Hardcoded reference-sample addresses

A handful of constants in lifter/core/LifterClass_Concolic.hpp are tied to the reference Themida sample (testthemida/example2-virt.bin @ 0x140001000):

static constexpr uint64_t kThemidaControlCursorSlot = 0x14004DD19ULL;
static constexpr uint64_t kThemidaLoopCarriedSlot   = 0x14004DC67ULL;
static constexpr std::array<uint64_t, 3> kSupportedGeneralizedControlFieldOffsets = {
    0x6ULL, 0xAULL, 0xCULL};

resolveTargetedThemidaR9 adds three hardcoded (instruction-address, control-offset) pairs:

Instruction address Control offset Verified hit count on reference sample
0x140023671 0x0 3
0x14002368D 0xA 6
0x140023741 0xC 12

These pairs are load-bearing for the 2544-instruction Themida benchmark — removing them regresses the lifted output. They exist because the lifter's symbolic R9 value at those points has lost the controlCursor identity; the override re-injects the canonical/backedge phi directly.
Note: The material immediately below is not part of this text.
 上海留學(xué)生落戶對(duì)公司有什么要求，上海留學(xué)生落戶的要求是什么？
Generalizing this away requires either (a) preserving the controlCursor identity through the upstream symbolic computation, (b) adding a tagging layer that marks values as "derived from controlCursor + const," or (c) a static-analysis pass that scans the function once and auto-derives the (address, offset) pairs. This is documented as known follow-up work, not a quick refactor.
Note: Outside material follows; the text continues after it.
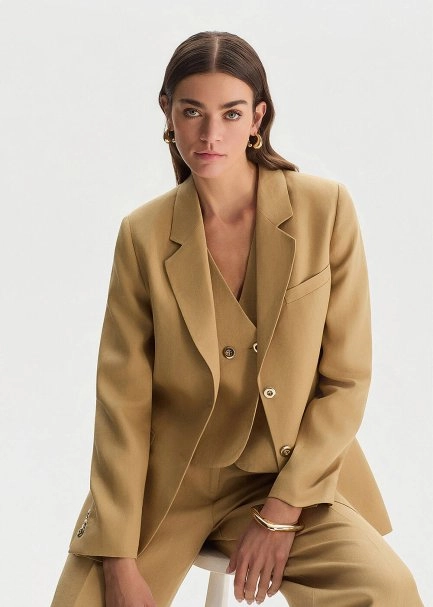 Bej Keten Blazer Ceket - 1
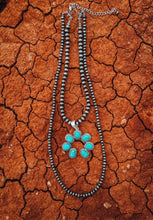 Load image into Gallery viewer, Squash Blossom Layered Navajo Style Pearl Necklace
The diagnostic prints scattered across PathSolver.ipp, LifterClass.hpp, LifterClass_Concolic.hpp, and GEPTracker.ipp that gate on specific Themida addresses (0x1400237F9ULL, 0x140023582-0x1400237FFULL, etc.) only fire under MERGEN_DIAG_LIFT_PROGRESS=1 and are session scaffolding for that sample. They produce no output for any other binary.

Tests

Loop handling has roughly thirty microtests in lifter/test/Tester.hpp. The most relevant groups:

Group Coverage
structured_loop_header_* Acceptance / rejection for conditional, jump-chain, acyclic-backward, non-conditional-terminator, multi-predecessor shapes.
loop_generalization_* Per-context guards: conditional branch allowed, direct jump allowed, indirect jump blocked when unresolved / allowed when resolved, ret blocked.
pending_generalized_loop_* Same guards in the pendingLoopGeneralizationAddresses lifecycle.
generalized_loop_restore_* Backedge flag-state and register-state merging across load_generalized_backup.
generalized_loop_*_creates_phi Each retrieve_generalized_loop_* helper produces the expected phi shape (control slot, control slot displacement, target slot, control field load, local phi address).
targeted_themida_r9_override_produces_phi All three hardcoded (address, offset) pairs in resolveTargetedThemidaR9.
compute_possible_values_* The PHI handler unions incomings (also covers cast-width preservation and rolled-arithmetic-chain enumeration).

When changing loop handling, run at minimum:

python test.py micro
python test.py baseline

For changes that touch register/flag phi shape, also re-run the Themida sample to confirm the 2544-instruction benchmark holds:

build_iced\lifter.exe ..\testthemida\example2-virt.bin 0x140001000

and inspect output_diagnostics.json for lift_stats.instructions_lifted == 2544 and summary.warning == 0, summary.error == 0.

Known limitations

Limitation Status
REP/REPE/REPNE-prefixed SCAS Rejected as not_implemented; needs a model for repeated-scan termination.
INT 2 continuation under VMP 3.6 Naive architectural fallthrough is wrong; recovery requires modeling the dispatcher / exception-mediated control flow. See VMP_TESTING_NOTES.md.
Hardcoded (address, offset) pairs in resolveTargetedThemidaR9 Only fire on the reference Themida sample. See Hardcoded reference-sample addresses.
Loop unrolling / loop-invariant code motion Not implemented. The lifter relies on LLVM's downstream optimization passes for this once the IR is in shape.
Multi-way backedges (≥3 paths to the same header) Not exercised by the current generalized-loop machinery; the canonical/backedge model assumes exactly two incoming paths.